Nuno Júdice, Cartografia de emoções, Dom Quixote, p.49

Na semana que passou os dias 17 e 21 foram marcados pela poesia – morreu um poeta, celebrou-se a poesia, relembrou-se o poeta que partiu, redescobriram-se ou revisitaram-se os seus poemas. Nuno Júdice era o nome do poeta. E a um dos seus livros devo metade do nome do blogue, como explico aqui.Daí que a epígrafe deste texto só possa ser um excerto de um dos poemas desse volume de textos. Que li e reli vezes sem conta, que sublinhei e assinalei, que dei a ler.

A meio da semana, e a anunciar-se de diversas formas, chegou a primavera. E com ela a lembrança de poemas de Nuno Júdice que se centram nesta estação. Mas a minha semana ficou também marcada pela descoberta da poesia de uma autora cuja biografia estou a ler – Maria Teresa Horta (A Desobediente, de Patrícia Reis, é o título da biografia). E por isso este artigo vai ser povoado pelas palavras destes dois escritores de poemas. Como forma de assinalar o dia 21 de março, Dia Mundial da Poesia.

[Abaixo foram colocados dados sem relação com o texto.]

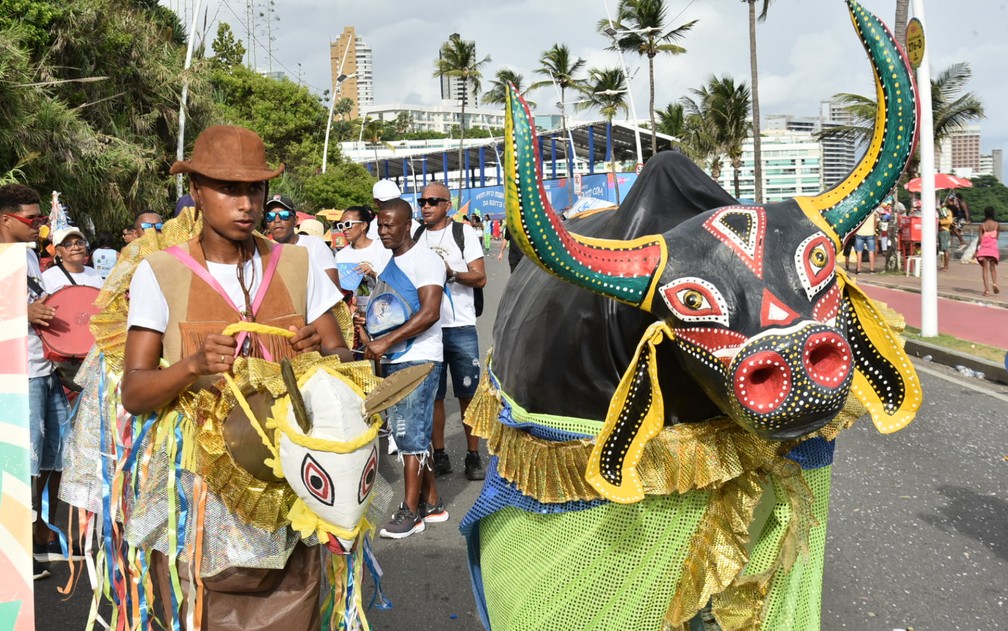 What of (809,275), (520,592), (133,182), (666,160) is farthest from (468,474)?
(133,182)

Sem esquecer a primavera, que atravessou a semana e as leituras dos textos que aqui deixo.

As imagens que escolhi obedecem a um único critério – parecem, a meus olhos, instantâneos poéticos, de uma espessura que ultrapassa o que se mostra.

O poeta

Trabalha agora na importação e exportação. Importa
metáforas, exporta alegorias. Podia ser um trabalhador por conta própria,
um desses que preenche cadernos de folha azul com números
de deve e haver. De facto, o que deve são palavras; e o que tem
é esse vazio de frases que lhe acontece quando se encosta
ao vidro, no inverno, e a chuva cai do outro lado. Então, pensa
que poderia importar o sol e exportar as nuvens. Poderia ser
um trabalhador do tempo. Mas, de certo modo, a sua
prática confunde-se com a de um escultor do movimento. Fere,
com a pedra do instante, o que passa a caminho da eternidade;
suspende o gesto que sonha o céu; e fixa, na dureza da noite,
o bater de asas, o azul, a sábia interrupção da morte.

Nuno Júdice, Poesia Reunida, Dom Quixote, pp.1026

Interior de uma geladaria em Lucca, Itália. Um céu interior que convida quem entra a esquecer as fronteiras entre o dentro e o fora. Agosto 2023.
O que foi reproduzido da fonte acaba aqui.